I’m trying to run a custom function, QA2Char, to iterate down all the rows of a specific column in my dataframe and then append the output as a new column.
QA2Char takes a decimal/integer and outputs a character array of length 7. If the function’s argument is an integer, I only want the string at index 4 in the new column.
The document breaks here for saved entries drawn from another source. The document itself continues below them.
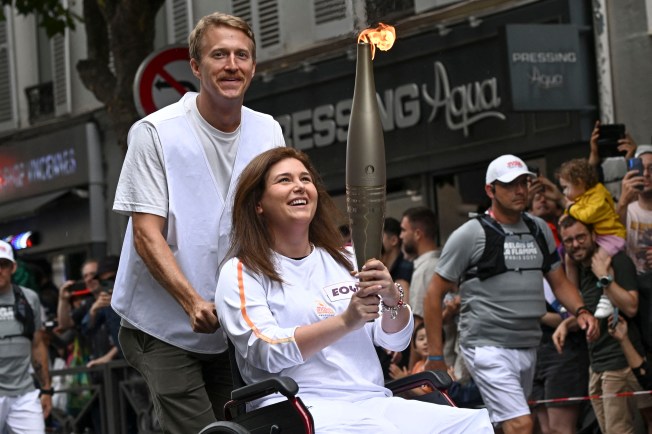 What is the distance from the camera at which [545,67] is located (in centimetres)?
1334

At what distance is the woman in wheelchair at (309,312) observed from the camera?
16.9ft

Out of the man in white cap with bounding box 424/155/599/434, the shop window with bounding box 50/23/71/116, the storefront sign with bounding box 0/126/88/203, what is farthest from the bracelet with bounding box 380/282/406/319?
the shop window with bounding box 50/23/71/116

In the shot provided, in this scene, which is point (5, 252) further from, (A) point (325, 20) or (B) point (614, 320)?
(A) point (325, 20)

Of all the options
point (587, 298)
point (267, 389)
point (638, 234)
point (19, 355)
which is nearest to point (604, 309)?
point (587, 298)

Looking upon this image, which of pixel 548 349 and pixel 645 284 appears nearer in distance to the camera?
pixel 645 284

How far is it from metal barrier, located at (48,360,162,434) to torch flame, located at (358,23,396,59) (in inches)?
321

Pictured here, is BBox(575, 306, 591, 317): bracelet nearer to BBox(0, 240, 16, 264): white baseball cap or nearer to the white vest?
the white vest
If the function’s argument is NA, I just need the new column value at the same row to be NA as well.
Ideally, this should be easy to do, but I’ve run into two key issues: making sure that I have the right classes in case_when() and editing my custom function to allow vectors as arguments.
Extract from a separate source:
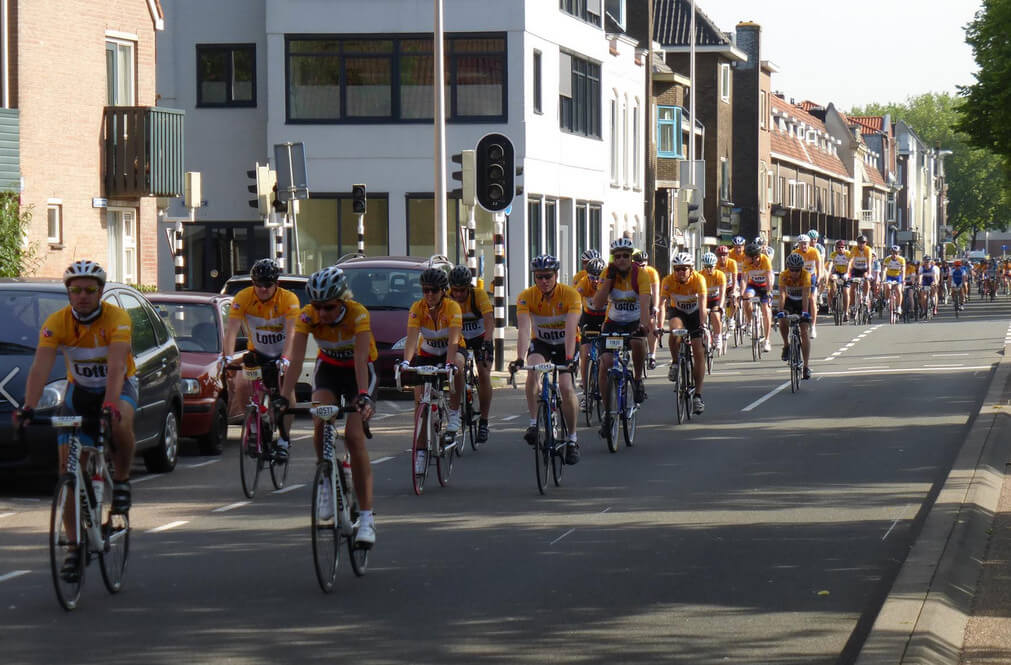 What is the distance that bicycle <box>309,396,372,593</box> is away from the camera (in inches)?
342

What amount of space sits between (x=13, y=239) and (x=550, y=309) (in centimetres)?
1215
My custom function, QA2Char_dec, looks like this:
QA2Char_dec <- function(num) {
if (!is.na(num)) {
# Decimal to binary
char <- paste(sapply(strsplit(paste(rev(intToBits(num))),""),`[[`,2),collapse="")
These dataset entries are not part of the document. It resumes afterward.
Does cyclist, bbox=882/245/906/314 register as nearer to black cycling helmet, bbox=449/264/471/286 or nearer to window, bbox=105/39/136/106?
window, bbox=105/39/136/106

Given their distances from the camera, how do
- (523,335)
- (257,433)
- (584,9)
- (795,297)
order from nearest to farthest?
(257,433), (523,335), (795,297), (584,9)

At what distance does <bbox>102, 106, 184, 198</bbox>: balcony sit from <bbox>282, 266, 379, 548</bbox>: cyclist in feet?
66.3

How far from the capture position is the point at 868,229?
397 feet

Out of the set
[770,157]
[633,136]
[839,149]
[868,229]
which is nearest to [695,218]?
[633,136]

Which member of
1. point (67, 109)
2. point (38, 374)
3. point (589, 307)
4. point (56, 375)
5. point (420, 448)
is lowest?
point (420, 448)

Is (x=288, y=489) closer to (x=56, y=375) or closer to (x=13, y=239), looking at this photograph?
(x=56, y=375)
# Extract the last 16 digits
char <- substr(char, 17, 32)
# QA array
qa.arr <- c(substr(char, 1, 1), # 15 Reserved
substr(char, 2, 3), # 13-14 Aerosol Model
substr(char, 4, 4), # 12 Glint Mask
substr(char, 5, 8), # 8-11 QA AOD
substr(char, 9, 11), # 5-7 Ajacency Mask
substr(char, 12, 13), # 3-4 Land Water Snow/Ice Mask
substr(char, 14, 16)) # 0-2 Cloud Mask
} else {
qa.arr <- rep(NA_character_, 7)
}
return(qa.arr)
}
This function takes a decimal (ex: 1291) and returns a character array of "0" "00" "0" "0101" "000" "01" "011"
. I only need the string in index 4: 0101
As an example, I shoudl be able to run this function over a very basic dataframe with 1 column:
library(tidyverse)
QA.values <- c(1, 1291, NA, 1288, 1000, NA) #numeric
df <- data.frame(QA.values)
And append the output as a new column, QA.check:
df <- df %>%
mutate(QA.check = case_when(QA.values >= 0 ~ QA2Char_dec(QA.values)[4], TRUE ~ NA_character_))
QA.values QA.check
1 1 0000
2 1291 0101
3 NA NA
4 1288 0101
5 1000 0011
6 NA NA
The dataframe above is what I need the final df to look like. However, I keep getting error messages about Error in if (!is.na(num)) { : the condition has length > 1
. I know that the custom function doesn’t take vectors as arguments, but applying a function down a column and mutating the output to a new column shouldn’t be this difficult!
I have also tried using mutate(QA_Check = sapply(QA.values, QA2Char_dec)[4])
, but it ignores NA values and seems to just use the output of the first QA.value and repeat it for the rest of the column.
What can I change?
Seyong Chang is a new contributor to this site. Take care in asking for clarification, commenting, and answering.
Check out our Code of Conduct.
1
As mentioned by LMc, you have multiple options. I just want to add the option to include lapply()
in your function and add a parameter to select an element from the array.
QA2Char_dec <- function(num, arr_sel = all()){
# Decimal to binary
char <- lapply(num, function(.x){
paste(sapply(strsplit(paste(rev(intToBits(.x))),""),`[[`,2),
collapse="")})
# Extract the last 16 digits
char <- substr(char, 17, 32)
# Create NA's
char <- ifelse(char == "0000000000000000", NA_character_,
char)
qa.arr <- lapply(char,
function(.x){
c(substr(.x, 1, 1), # 15 Reserved
substr(.x, 2, 3), # 13-14 Aerosol Model
substr(.x, 4, 4), # 12 Glint Mask
substr(.x, 5, 8), # 8-11 QA AOD
substr(.x, 9, 11), # 5-7 Ajacency Mask
substr(.x, 12, 13), # 3-4 Land Water Snow/Ice Mask
substr(.x, 14, 16))[arr_sel]})
return(qa.arr)
}
library(tidyverse)
QA.values <- c(1, 1291, NA, 1288, 1000, NA) #numeric
df <- data.frame(QA.values)
df %>%
mutate(QA.check = QA2Char_dec(QA.values, 4))
QA.values QA.check
1 1 0000
2 1291 0101
3 NA NA
4 1288 0101
5 1000 0011
6 NA NA